Total South Africa
- TotalEnergies logo
- Formerly: Total Oil Products (Pty) Ltd
- Type: Private
- Industry: Oil and Gas
- Founded: December 11, 1954; 71 years ago in Pretoria, South Africa
- Headquarters: Johannesburg, South Africa
- Number of locations: 547 (2025)
- Area served: South Africa
- Key people: Sonja de Bruyn (Chairperson); Olagoke Aluko (CEO);
- Products: Fuels Lubricants Bitumen Agrochemicals Aviation fuel Marine fuel
- Parent: TotalEnergies
- Website: www.totalenergies.co.za

= Total South Africa =

South African subsidiary of the French energy company TotalEnergies

TotalEnergies Marketing South Africa (Pty) Ltd (commonly simply referred to in South Africa as Total) is an energy and chemical company operating across South Africa's fuel, lubricants, and renewable energy markets. Headquartered in Johannesburg, it is the South African affiliate of the French multinational TotalEnergies SE, one of the world's largest integrated energy companies.

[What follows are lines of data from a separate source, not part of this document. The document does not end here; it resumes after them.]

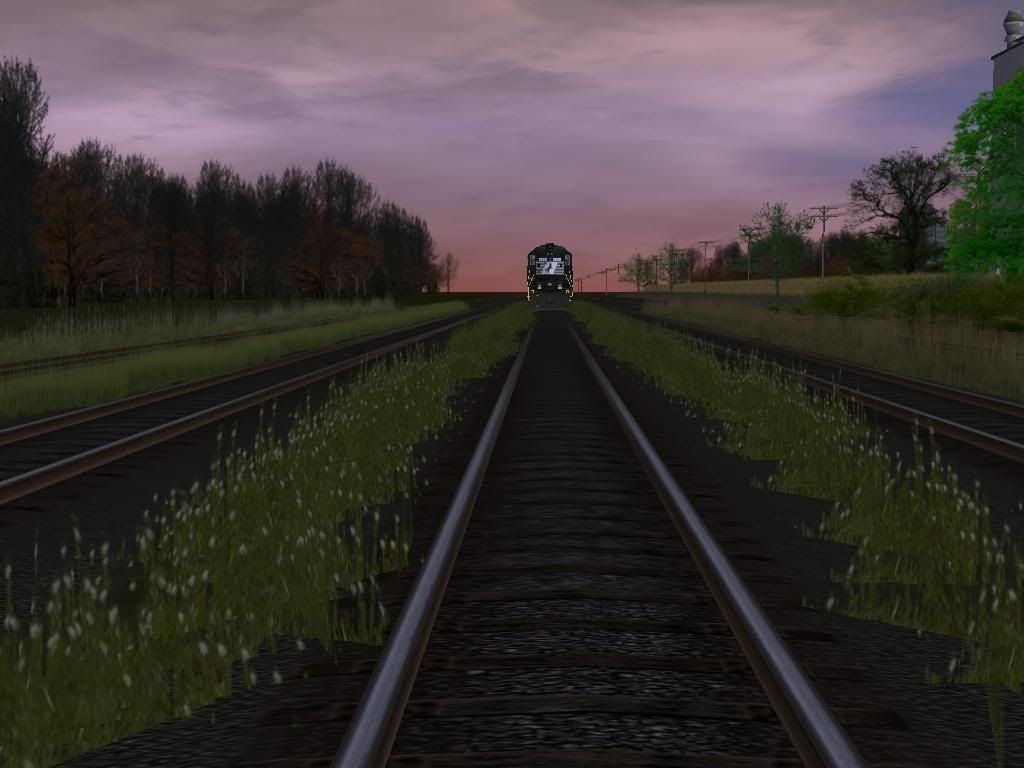 amtrak3.jpg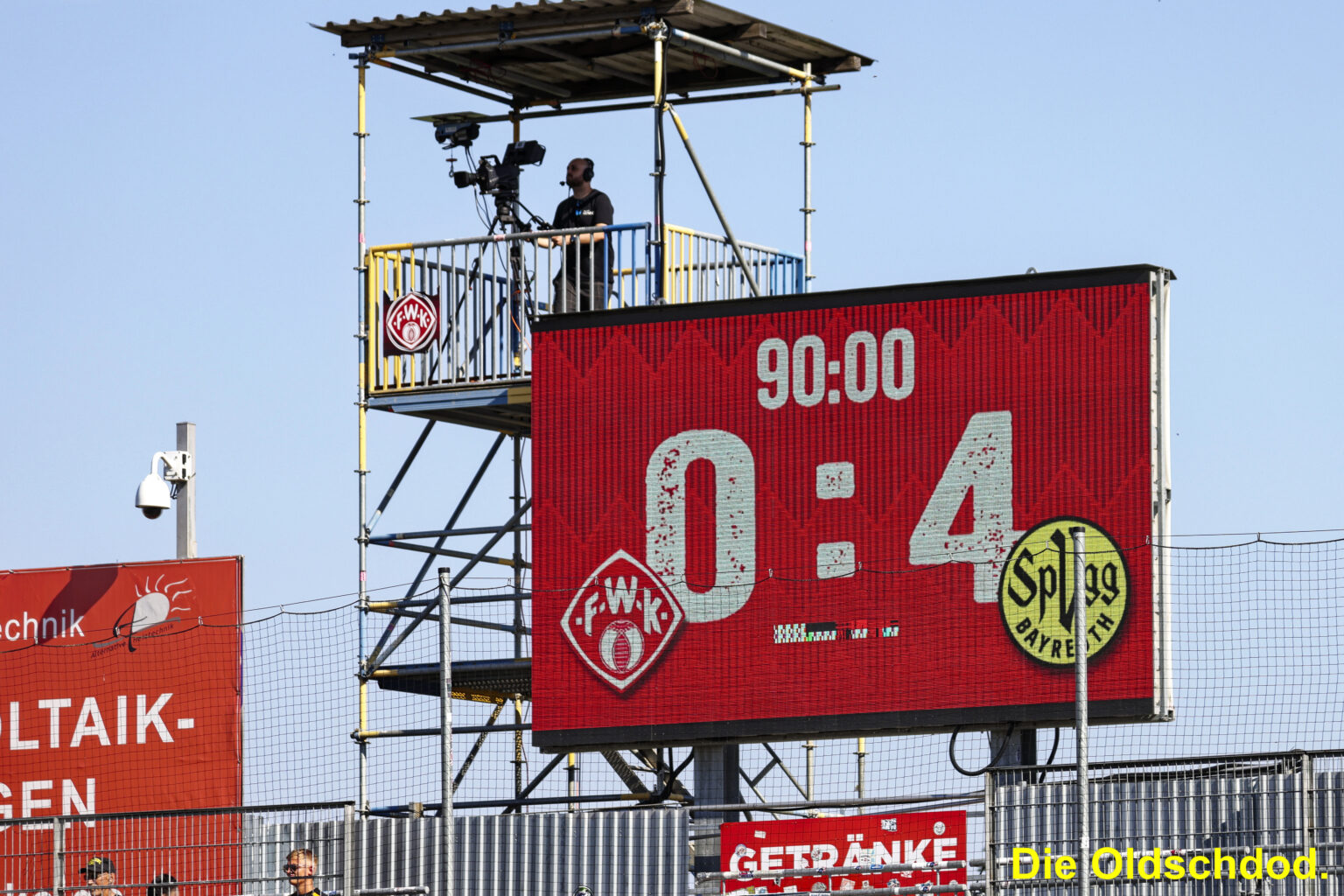 spvgg-bayreuth-aktuelles-bilder-wurzburger-kickers-17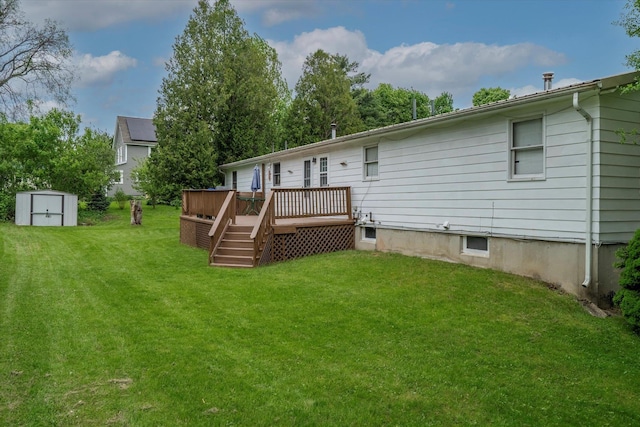 63 Lafayette St, Rutland City, VT 05701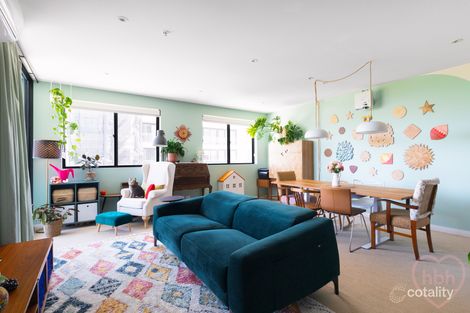 Property photo of 156/1 Mouat Street Lyneham ACT 2602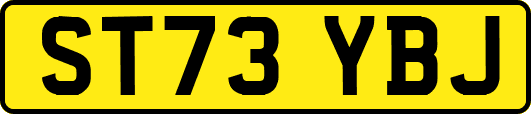 ST73YBJ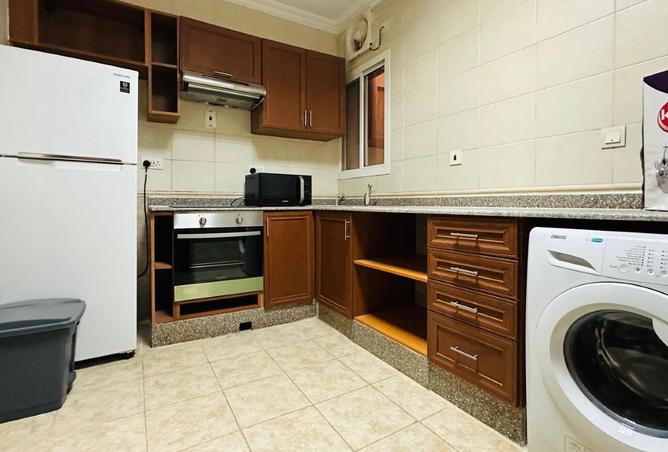 1004172 - Property Image 2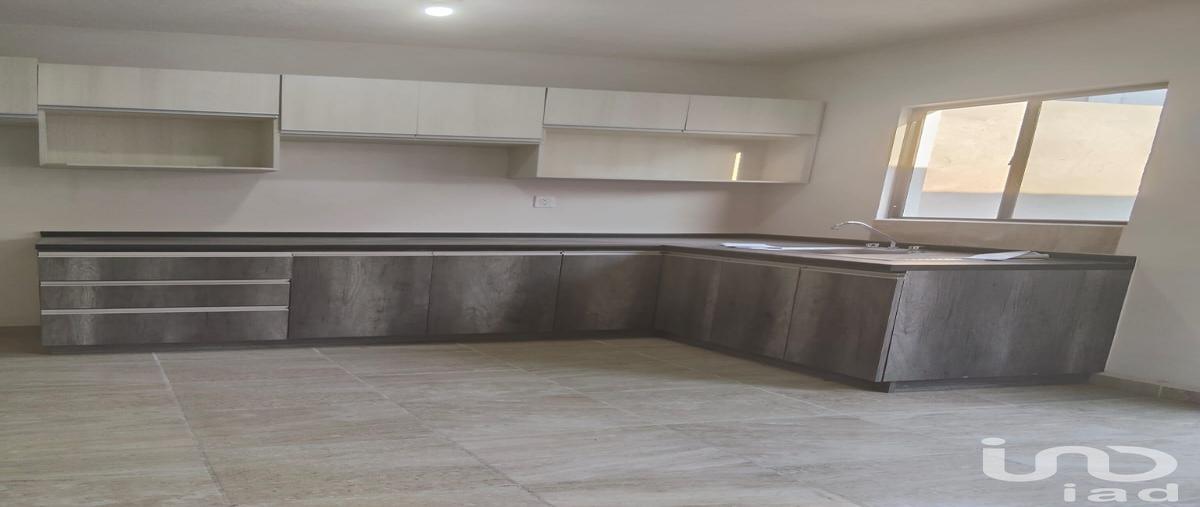 Foto de casa en renta en valente díaz 211, la querencia residencial, veracruz, veracruz de ignacio de la llave, 31030650 No. 03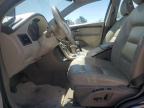 2008 Volvo S80 3.2 იყიდება San Martin-ში, CA - Minor Dent/Scratches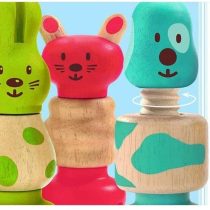 6112rE0areL._AC_SL1000_ (1)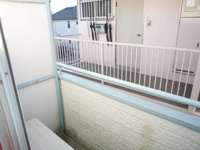 ※別部屋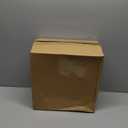 Balloon Arch Kit - Free Bending Shape, Balloon Column Stand Independent Suspended Standing, 12" Water-Filled Base - Ideal for Weddings, Baby Showers, and Birthday Parties (Golden 8.2ft & 5ft)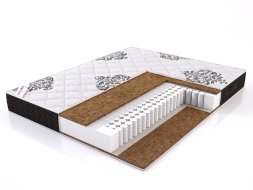 Матрас ORSOLA (Орсола)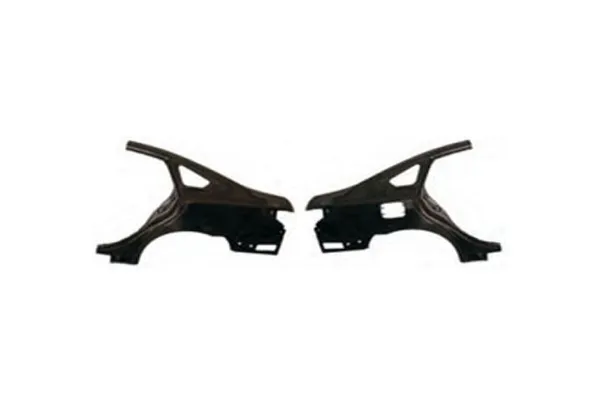Rear Fender for Nissan Sylphy 2006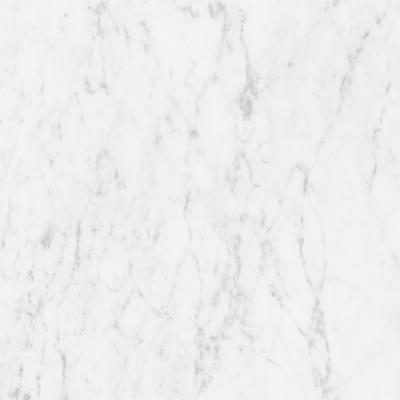 Керамогранит GRESPANIA MARMOREA CARRARA PULIDO 59х59х10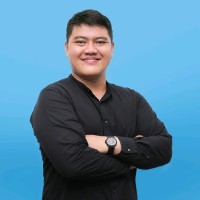 Awaluddin Iskandar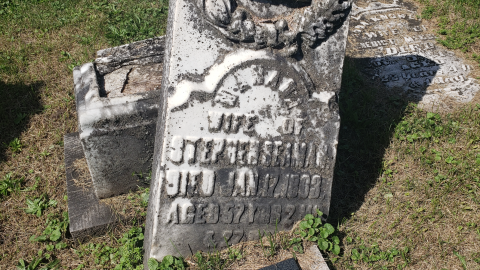 Denny Cemetery - Aug 30 2020 - 2.png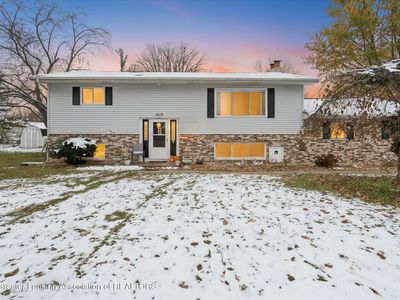 1010 Firwood St, Lansing, MI, 48917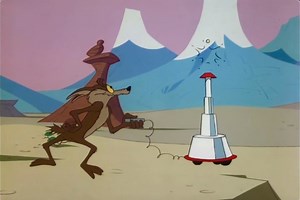 572K views · 19K reactions | Hometime Vintage & Handmade on Reels | Facebook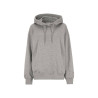 Frequent Hoodie W NEW WAVE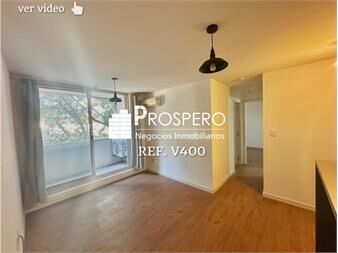 https://www.gallito.com.uy/v400-alquiler-apto-2-dorm-balcon-tres-cruces-nostrum-plaza-inmuebles-27535624
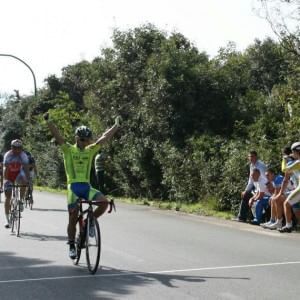 Mezza maratona e gara di ciclismo, decine di strade chiuse al traffico fino all'ora di pranzo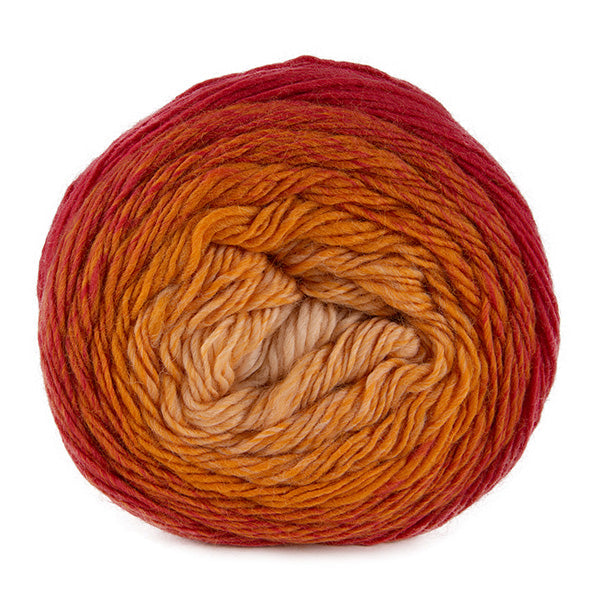 Laines du Nord Poema Yarn - The Woolery
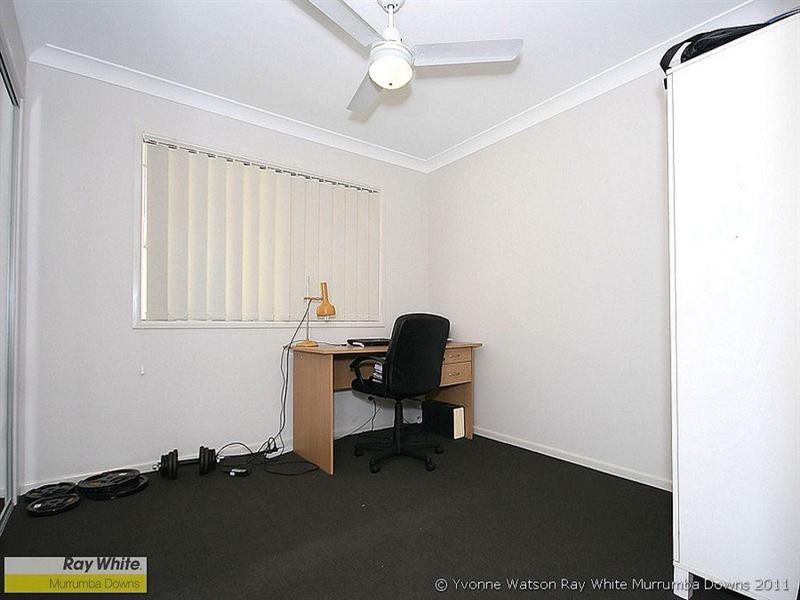 North Lakes QLD 4509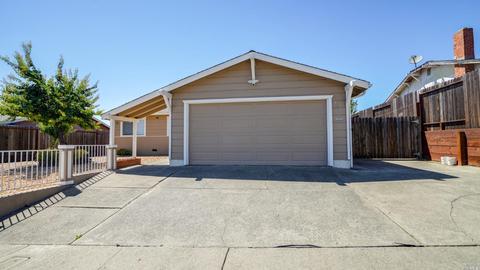 151 Marquette Ave, Vallejo, CA 94589 photo 2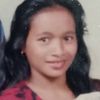 tiarasygtiaratiara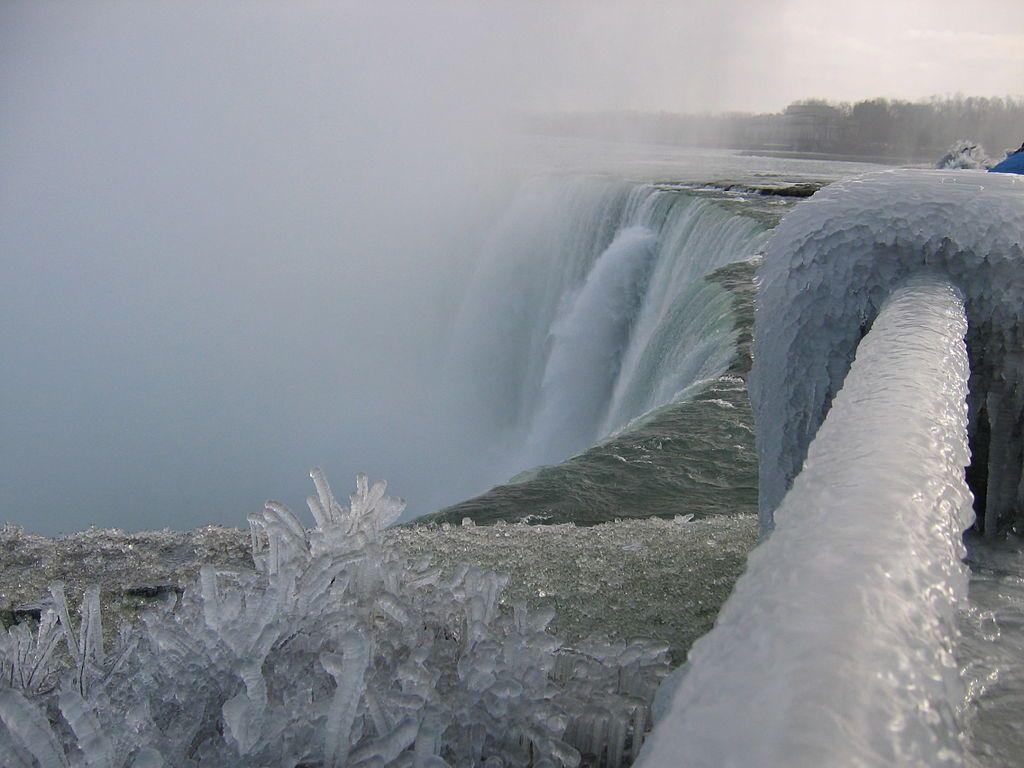 1024x768 Niagara Falls Never Freezes Over .blog.education.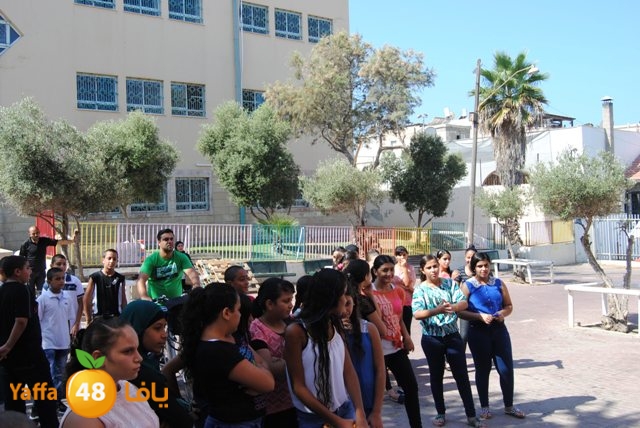 shamela school 825 (2).JPG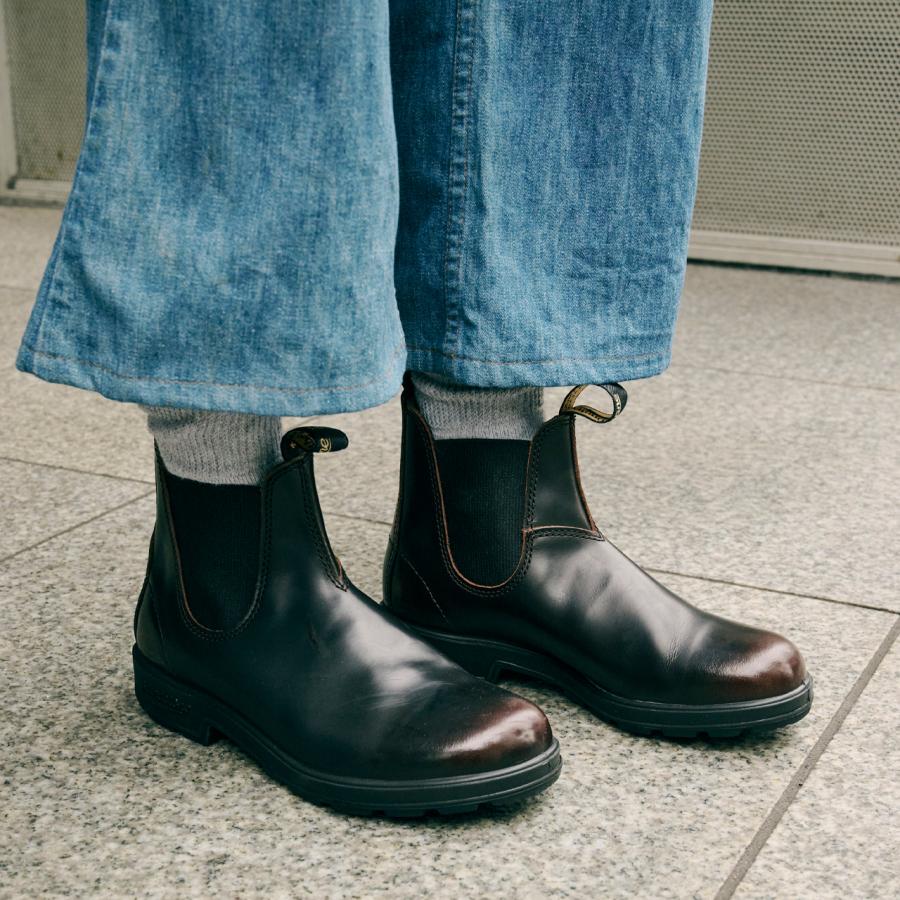 blundstone ブランドストーン 【ユニセックス】オリジナルス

The company manages a network of over 540 petrol stations nationwide, supplies fuel and aviation products to commercial sectors, and holds a 36.4% stake in the Natref refinery.

In addition to petroleum operations, it is actively expanding into solar and wind energy projects, and plays a growing role in South Africa's transition toward low-carbon power solutions. In December 2023, the company commenced construction of a 140 MW wind farm and a 120 MW solar plant in the Northern Cape province, with operations expected to begin by the end of 2026.

==History==
TotalEnergies made its South African debut on 11 December 1954, when Total Oil Products (Pty) Ltd was registered in Pretoria, hosting its inaugural board meeting three days later. By 1955, the company had already set up its first fuel terminals and service stations across Johannesburg, Pretoria, Durban, Roodepoort, and Benoni.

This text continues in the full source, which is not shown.